Question

If \( \alpha \) and \( \beta \) are two zeroes of a polynomial \( f(x) = px^2 - 2x + 3p \) and \( \alpha + \beta = \alpha\beta \), then value of p is :

• A. \( -\frac{2}{3} \)
• B. \( \frac{2}{3} \)
• C. \( \frac{1}{3} \)
• D. \( -\frac{1}{3} \)

Hint:

When solving for \( p \), always ensure \( p \neq 0 \) since it is the leading coefficient of a quadratic equation.

Answer 1

The Correct Option is B

To determine the value of \( p \) given that \( \alpha \) and \( \beta \) are the zeroes of the polynomial \( f(x) = px^2 - 2x + 3p \) and the condition \( \alpha + \beta = \alpha \beta \), we can make use of the properties of polynomials and their roots.

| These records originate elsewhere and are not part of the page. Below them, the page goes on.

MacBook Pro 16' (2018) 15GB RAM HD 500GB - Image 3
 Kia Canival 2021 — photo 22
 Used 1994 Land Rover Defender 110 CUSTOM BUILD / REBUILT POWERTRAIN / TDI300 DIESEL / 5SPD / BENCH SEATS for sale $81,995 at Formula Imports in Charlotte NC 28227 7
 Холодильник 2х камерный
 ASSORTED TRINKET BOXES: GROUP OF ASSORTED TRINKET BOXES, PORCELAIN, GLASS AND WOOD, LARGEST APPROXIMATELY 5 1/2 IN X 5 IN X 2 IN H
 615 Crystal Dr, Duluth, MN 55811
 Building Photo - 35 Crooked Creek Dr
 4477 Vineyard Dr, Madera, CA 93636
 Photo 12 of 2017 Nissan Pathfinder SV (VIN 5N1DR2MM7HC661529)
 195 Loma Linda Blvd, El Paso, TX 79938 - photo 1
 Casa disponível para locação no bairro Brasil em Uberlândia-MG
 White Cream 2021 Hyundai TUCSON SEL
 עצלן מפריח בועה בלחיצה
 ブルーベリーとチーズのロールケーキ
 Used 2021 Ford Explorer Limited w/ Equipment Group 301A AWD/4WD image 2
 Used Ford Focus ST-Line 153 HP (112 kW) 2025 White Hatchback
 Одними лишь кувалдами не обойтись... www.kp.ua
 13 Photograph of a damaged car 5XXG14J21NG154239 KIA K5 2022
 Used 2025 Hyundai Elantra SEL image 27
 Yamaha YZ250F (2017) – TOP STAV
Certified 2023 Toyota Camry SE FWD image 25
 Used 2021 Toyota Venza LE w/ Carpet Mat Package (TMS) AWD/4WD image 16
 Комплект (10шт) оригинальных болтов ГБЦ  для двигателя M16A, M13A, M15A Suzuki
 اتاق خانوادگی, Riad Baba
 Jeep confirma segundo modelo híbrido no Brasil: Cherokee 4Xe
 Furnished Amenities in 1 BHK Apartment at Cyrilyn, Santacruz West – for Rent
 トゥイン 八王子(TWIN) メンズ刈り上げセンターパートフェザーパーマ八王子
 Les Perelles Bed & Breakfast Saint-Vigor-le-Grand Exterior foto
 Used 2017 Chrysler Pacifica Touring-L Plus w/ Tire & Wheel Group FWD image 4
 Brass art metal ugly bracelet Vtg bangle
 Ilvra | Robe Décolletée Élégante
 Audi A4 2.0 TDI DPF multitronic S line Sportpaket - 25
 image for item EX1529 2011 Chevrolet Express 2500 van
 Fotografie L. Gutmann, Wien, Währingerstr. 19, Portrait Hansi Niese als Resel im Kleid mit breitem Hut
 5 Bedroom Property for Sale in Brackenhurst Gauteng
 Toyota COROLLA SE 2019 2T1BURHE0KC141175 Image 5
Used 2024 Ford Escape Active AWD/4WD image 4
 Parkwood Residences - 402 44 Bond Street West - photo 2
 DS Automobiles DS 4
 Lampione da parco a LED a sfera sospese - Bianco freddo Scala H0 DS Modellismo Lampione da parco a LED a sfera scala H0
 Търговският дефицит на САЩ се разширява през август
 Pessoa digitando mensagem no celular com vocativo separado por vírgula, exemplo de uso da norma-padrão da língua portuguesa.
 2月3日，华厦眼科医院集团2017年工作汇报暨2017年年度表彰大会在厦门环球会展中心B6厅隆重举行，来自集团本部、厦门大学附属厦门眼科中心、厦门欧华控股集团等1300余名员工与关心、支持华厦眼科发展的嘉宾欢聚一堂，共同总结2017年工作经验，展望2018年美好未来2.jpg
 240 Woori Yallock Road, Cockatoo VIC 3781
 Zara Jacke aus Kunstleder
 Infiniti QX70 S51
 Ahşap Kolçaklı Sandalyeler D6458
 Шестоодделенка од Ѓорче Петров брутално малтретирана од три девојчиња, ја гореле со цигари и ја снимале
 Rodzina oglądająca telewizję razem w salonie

The sum and product of the roots (zeroes) of a quadratic polynomial \( ax^2 + bx + c = 0 \) are given by:

• \(\alpha + \beta = -\frac{b}{a}\)
• \(\alpha \beta = \frac{c}{a}\)

For the given polynomial \( f(x) = px^2 - 2x + 3p \), we identify the coefficients: \( a = p \), \( b = -2 \), \( c = 3p \).

Thus, we find:

• \(\alpha + \beta = -\frac{-2}{p} = \frac{2}{p}\)
• \(\alpha \beta = \frac{3p}{p} = 3\)

According to the problem, \( \alpha + \beta = \alpha \beta \). Therefore, we set:

\(\frac{2}{p} = 3\)

Solving for \( p \):

\(\frac{2}{p} = 3\)
\(2 = 3p\)
\(p = \frac{2}{3}\)

Thus, the value of \( p \) is \(\frac{2}{3}\).

The correct answer is:

• \(\frac{2}{3}\)